Quant à la décision du Tribunal de l’UE, cette même source autorisée évoque une décision « prise en première instance, incohérente, contradictoire, biaisée politiquement et juridiquement », tout en rappelant que le Polisario s’est lancé dans une stratégie de « harcèlement politique et juridique qui ne coûte pas cher ».

Gagner du temps

En attendant, les deux accords commerciaux annulés par le Tribunal de l’UE resteront en vigueur pendant une période de deux mois maximum, « afin de préserver l’action extérieure de l’Union et la sécurité juridique de ses engagements internationaux », selon l’arrêt.

Mais il est très probable que des pays comme la France et l’Espagne, ainsi que les relais du Maroc comme la Confédération marocaine de l’agriculture et du développement rural (Comader) – partie prenante dans cette affaire –, fassent des pieds et des mains pour obtenir un recours devant la Cour de justice européenne.

Encore faut-il remporter la majorité au sein du Conseil des ministres. La France et l’Espagne en sont capables, mais plusieurs pays pourraient dire non à un recours, notamment l’Allemagne, le Danemark, la Finlande, les Pays-Bas et la Suède.

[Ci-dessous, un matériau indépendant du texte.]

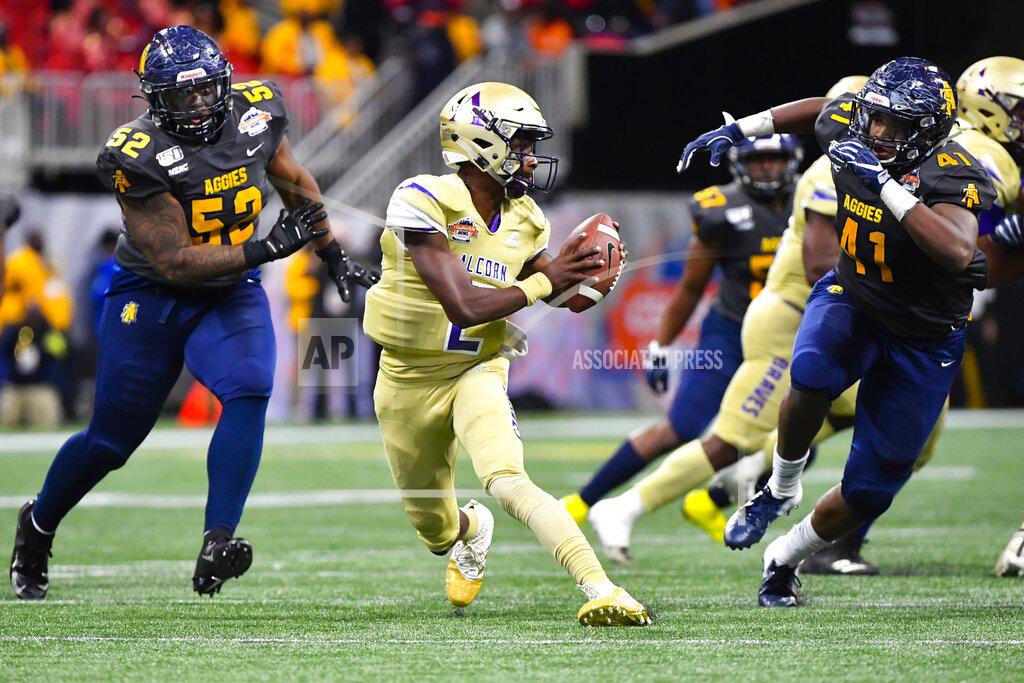 John Amis Alcorn State quarterback Felix Harper tries to evade the defense of North Carolina A&T linebacker Julian Monell (53) and defensive lineman Leon Smalls (41) during the second half of the Celebration Bowl NCAA college football game, Saturday, Dec. 21, 2019, in Atlanta. North Carolina A&T won 64-44. (John Amis/Atlanta Journal-Constitution via AP)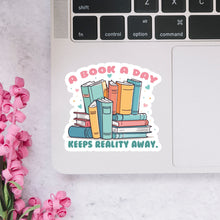 Load image into Gallery viewer, A Book A Day Keeps Reality Away Sticker

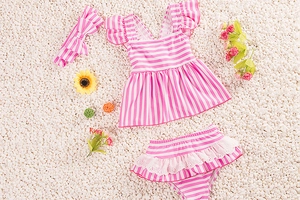 Detailed flat lay of toddler navy stripe three-piece swimsuit with lace skirt and headband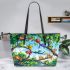 Colorful frogs hanging from tree branches in the jungle leaather tote bag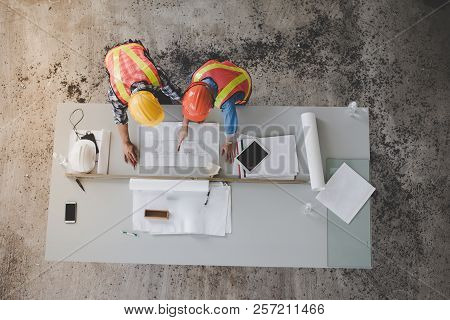 Top View Of Architects And Engineers To Help Create A Blueprint To Build A Modern Building Equipped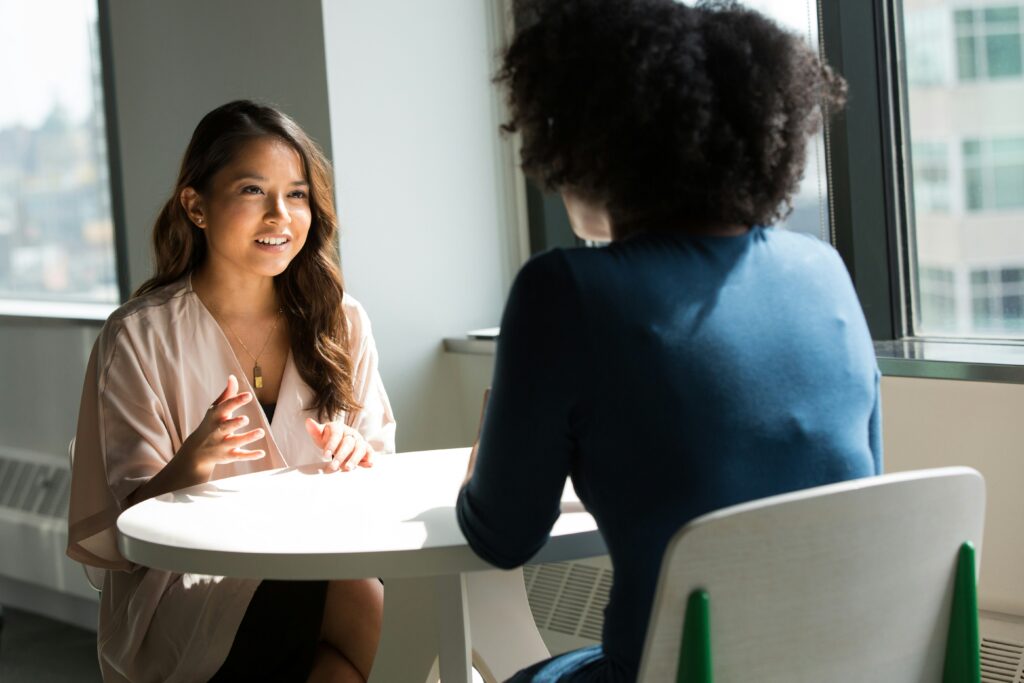 two young women in a meeting speaking to each other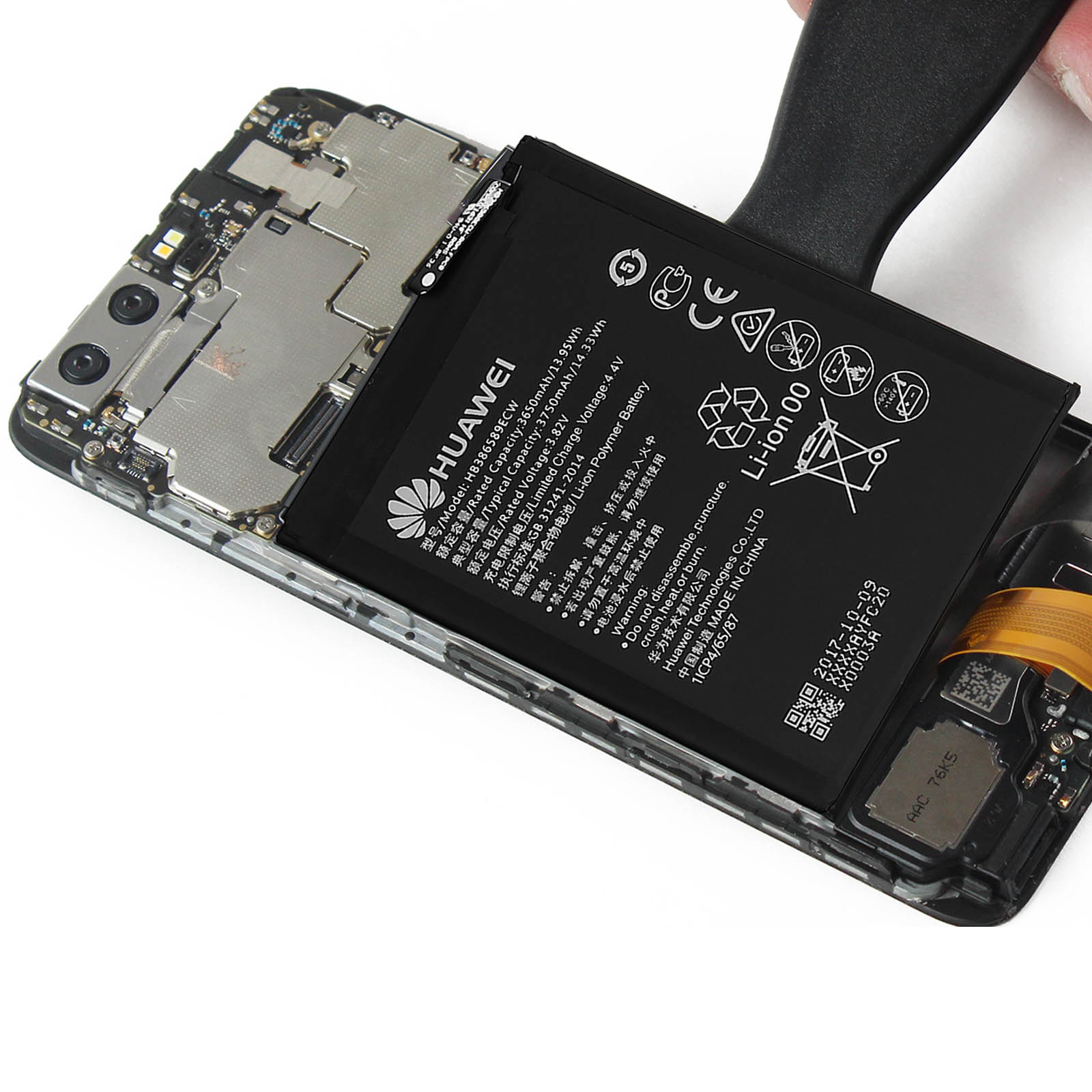 Telefon mit entfernter Batterie, Huawei-Logo sichtbar, mit einem Werkzeug.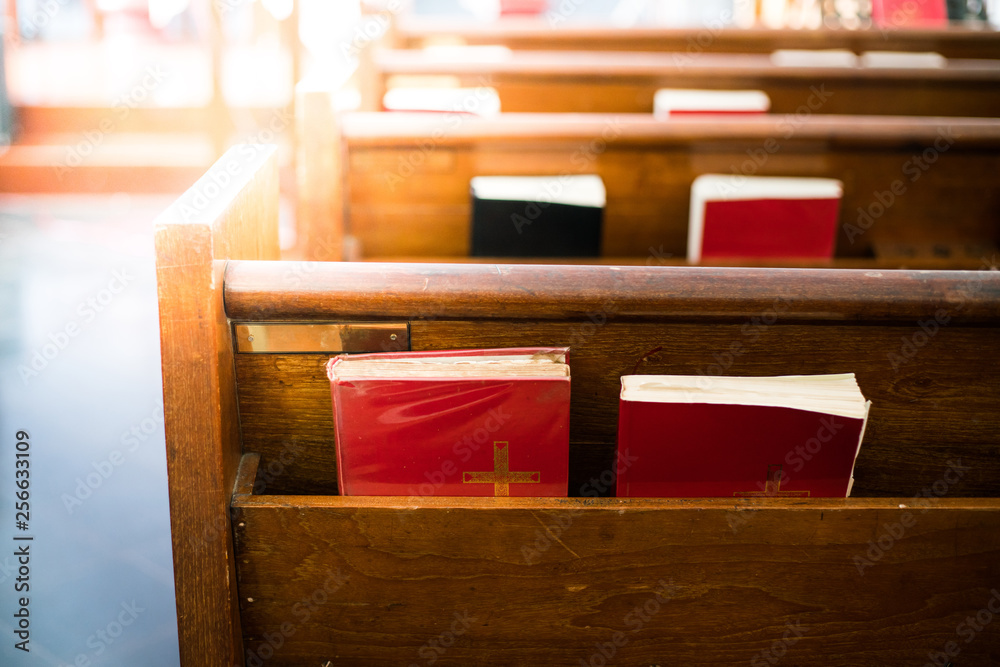 Bibles in wooden bench compartment in church, church service for Christian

Dans un tweet publié quelques temps après la décision du tribunal de l’UE, Ann Linde, ministre suédoise des Affaires étrangères, a ainsi affirmé que les accords de l’UE doivent « être guidés par le droit international ».

Rabat pourrait se tourner vers d’autres partenaires commerciaux, au premier rang desquels la Chine et le Japon.

De l’avis de juristes qui ont planché sur ce dossier très complexe, ce recours – s’il était obtenu – serait une façon de gagner du temps de la part des alliés du royaume, et d’envoyer un message politique rassurant à l’adresse du Maroc.

L’option chinoise

Si elle était saisie, la Cour de justice aurait en effet un an pour se prononcer. Après ce délai, et en cas de confirmation de la décision rendue par le Tribunal de l’UE, les produits exportés depuis le Sahara ne pourront plus être étiquetés comme marocains et le royaume devra payer des droits de douanes de 20 % pour exporter vers l’Europe. Quant à la flotte européenne, majoritairement espagnole dans cette zone, elle ne pourra plus pêcher dans les eaux du Sahara.

Le Polisario quant à lui en profiterait pour réclamer des dommages et intérêts à la commission de l’UE pour l’argent non perçu des droits de pêche depuis 2016, et tenterait même de demander au Maroc de rendre les sommes perçues par le royaume durant cette période.

Autre alternative à ce scénario, l’UE et le Maroc pourraient à nouveau négocier des accords, mais pour contenter la justice européenne, les deux partenaires devront peut-être inclure une tierce partie : le Polisario. Une option inenvisageable pour Rabat.

Et si d’aventure l’accord était définitivement invalidé par la Cour de justice européenne, Rabat pourrait se tourner vers d’autres partenaires commerciaux, au premier rang desquels la Chine et le Japon. Mais d’ici là, peut-être que l’Espagne et la France – qui assurera la présidence de l’UE dès janvier – seront parvenues à renverser la vapeur.